We evaluate the reasoning abilities of OpenAI's newest model: o3
If you have ever asked ChatGPT to crunch a proof, you know the frustration of watching a language model do mathematics. Over the past few weeks we ran two OpenAI models, o1-pro and the newest o3, through hundreds of combinatorics, calculus, and graph-theory challenges. Here’s a quick tour of where the upgrade really matters, where it merely feels better, and why you still need to carefully double check its outputs.
Long-form focus. o1-pro can keep about a page of mathematics in its head before earlier lemmas start slipping through the cracks. o3 comfortably remembers two or three pages, so you can develop a multi-step proof without constantly pasting definitions back in.
Numerical sanity checks. Ask o3 to solve an equation or prove a new lemma and there’s a good chance it will pause, spin up a quick Python snippet, and test the claim on a toy example before proceeding. That habit catches a lot of small mishaps automatically. o1-pro will run code too, but only if you nudge it.
Creative ideas. When o1-pro hits a roadblock it usually offers one standard technique and waits for directions. o3 tends to brainstorm: “We could try an eigenvalue interlacing approach, or a flow-cut argument, or maybe a probabilistic deletion trick.” Even if you ignore half the suggestions, the creative breadth is impressive.
Structured proof process. Instead of dumping a wall of LaTeX, o3 often opens with a roadmap, proves Lemma 1, stops to critique its own bound, and only then pushes on to the next step. The structure feels a lot like working with a diligent grad student who narrates what they’re doing as they go.
Silent sign flips. o3’s most common blunder is innocent: somewhere in the algebra a \( \geq \) becomes \( \leq \) or an absolute value is dropped. Because the model carries a longer train of thought, that little slip can invalidate an entire page before the contradiction finally surfaces. Numeric spot-checks still struggle to catch algebra errors; you have to carefully double check any algebra.
However, remember that most of our hardest problems were thrown at o3 after it launched. We never gave o1-pro tests of this difficulty, so the raw gap may be smaller than our anecdotal stories suggest. Keep that in mind if you see screenshots comparing the two.
Audit the algebra. After any multi-line inequality manipulation, ask: “Restate every inequality direction you used.” It forces the model (and you) to sanity-check signs.
Checkpoint lemmas.

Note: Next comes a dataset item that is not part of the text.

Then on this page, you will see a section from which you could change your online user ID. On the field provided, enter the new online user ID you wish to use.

Get o3 to freeze intermediate results in bold boxes before moving on. If the next step collapses, you know where to rewind. We will discuss this technique in detail in a forthcoming blog post.

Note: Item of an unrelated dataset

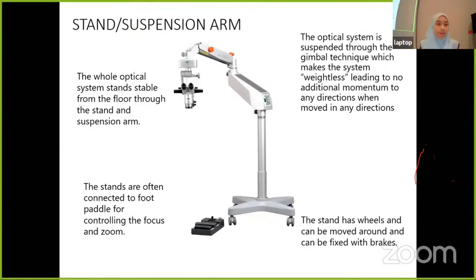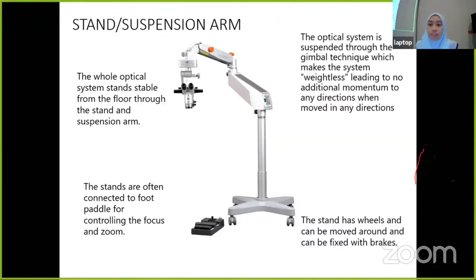Next is the third part of the microscope: the stand and the suspension arm. The whole optical system stands stable from the floor through the stand and the suspension arm. The optical system is suspended through the gimbal technique, which makes the system effectively weightless, resulting in no additional momentum in any direction when moved. The stand has wheels so it can be moved around and fixed with brakes, and it is also connected to the foot pedal for controlling the focus and zoom.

Let it code, but verify. o3’s Python snippets are usually correct, but run them yourself and glance at the output.
Use o1-pro for quick-and-dirty, o3 for deep dives. The lighter model is snappier for homework-level algebra; the heavier one pays off when you need genuine research scaffolding.

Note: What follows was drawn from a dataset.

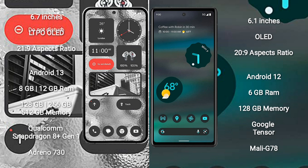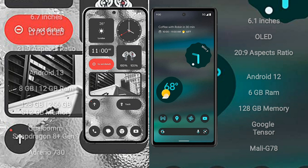Qualcomm Snapdragon 8 Gen 1 processor and GPU Adreno 730. Google Pixel 6a comes with 6GB RAM and 128GB internal storage, Google Tensor processor and GPU Mali-G78.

o3 represents a real advance in mathematical workflow: longer attention span, built-in numerical experiments, and richer brainstorming. However, the core symbolic manipulation capabilities are still error-prone. Treat every ChatGPT proof, especially the elegant ones, as a draft. Your job as a human is to supply a level of rigor that even the smartest language model hasn’t mastered (yet).